IL SINDACO SENZA SCARPE INCIAMPA SULLA MENSA


Proprio lui, il sindaco alternativo che governa Messina con la forza dei simboli - i piedi nudi al municipio, i lunghi silenzi new age, le magliette al posto di giacca e cravatta - su un simbolo è inciampato.

La mensa dei bambini.
Quella che l’anno scorso gettò nella polvere sindaci leghisti colpevoli di lasciare i piccoletti digiuni se le famiglie non pagavano. Adesso è lui, Renato Accorinti, l’anarchico, l’alfiere delle battaglie non violente, dell’ambientalismo, dell’antimafia, il professore di scuola che ha rinunciato alla sua indennità, a essere accusato di affamare le piccole bocche di un Comune che ha preso in mano a giugno scorso con 392 milioni di buco e il timbro di pre-dissesto.
A fare scattare le accuse è stata la delibera, firmata dall’assessore all’Istruzione Patrizia Panarello, che ha imposto un contributo per la mensa anche alle famiglie più povere, quelle con un reddito Isee che non supera i duemila euro l’anno: 80 centesimi a pasto, a fronte dei 4,40 euro a carico della fascia più danarosa, oltre i 20 mila euro. «Far pagare la mensa a questi bambini - tuona Lillo Oceano, segretario generale della Cgil di Messina - dimostra astrazione dal contesto sociale nel quale si opera, visione elitaria della società, noncuranza nei confronti di chi soffre, assenza di strumenti, cultura e sensibilità sufficienti a comprendere le condizioni di vera difficoltà economica».
L’opposizione si scatena, agitando spettri dickensiani: bambini con il panino vuoto in mano e il naso incollato alla mensa a guardare i compagni pingui che si abbuffano. Piccoletti magri e affamati respinti da maestre che nascondono le lacrime. In realtà niente di tutto questo: le 700 famiglie a basso reddito hanno scongiurato il rischio di tenere i figli a pancia vuota, pagando gli ottanta centesimi a pasto. In totale 16 euro: perché il provvedimento vale soltanto per venti giorni, fino al 23 dicembre, il tempo di predisporre il bilancio 2014 ed elaborare a gennaio un nuovo bando.
Ma l’inciampo resta, aggravato dai consigli naïf del sindaco: «Rimango convinto che la cosa migliore sia portarsi i panini da casa, ai costi più bassi possibili, perché il cibo della mamma è il più buono del mondo. Quando portavo i miei bambini in gita, per non andare nei ristoranti costosi dove dopo un’ora di attesa ti davano una cotoletta che potevi sbattere al muro, gli facevo portare due panini.
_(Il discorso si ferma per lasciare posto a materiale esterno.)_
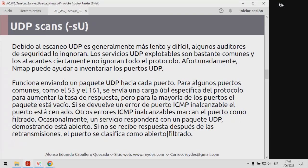Luego tenemos el escaneo UDP, o UDP Scan. Debido a que el escaneo UDP es generalmente más lento y algo más difícil, muchos profesionales lo ignoran. Los servicios UDP explotables son también bastante comunes y los ciberatacantes no van a ignorar el protocolo. Afortunadamente, NMAP también puede ayudar a realizar un inventario de los puertos UDP. Esencialmente, esto funciona enviando un paquete UDP hacia cada puerto. Para algunos puertos comunes, como el puerto UDP 53 o el puerto UDP 161, se envía un payload específico del protocolo.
Ho fatto così per decenni».
Il ricordo da buon padre di famiglia non ha sedato gli animi, anzi. Più convincenti sono apparse le spiegazioni tecniche dell’assessore, la quale ha detto che, in una situazione di pre-dissesto, il Comune è obbligato a chiamare i cittadini a coprire il 36% del costo dei servizi. Le strade erano due: o esentare i più poveri e spalmare la cifra sulle quattro fasce di reddito più alte, o chiamare a contribuire anche i meno abbienti, che rappresentano ben il 40% del totale. Si è scelta la seconda strada. «Non eravamo contenti né del tutto convinti, ma ci siamo fidati, forse sbagliando - dice l’assessore - di dirigenti scolastici che ci invitavano a cancellare la fascia di chi non versava niente. Sembra che molti ne approfittassero, che in realtà non avessero redditi così bassi. In ogni caso, per la prima volta nella storia di questa città, adesso pagano tutti, senza alcuna morosità. E nessuna delle famiglie ha protestato».
Accorinti, in realtà, l’aveva pensata diversamente, la mensa. Qualcosa di etico, di autogestito, con le scuole a coltivare l’orto, a fare i formaggi, a cucinare prodotti a chilometri zero. Peccato che normative e regolamenti gli abbiano fatto abbandonare i sogni new age. «E poi vai a vedere qual è lo scandalo? Abbiamo dato questo pasto a 80 centesimi - si difende -. Sfido il mondo a dirmi se qualsiasi bambino non ha un panino asciutto in casa che costa almeno 80 centesimi. Detto questo, al prossimo bando mettiamoci tutti intorno a un tavolo: potremo fare meglio».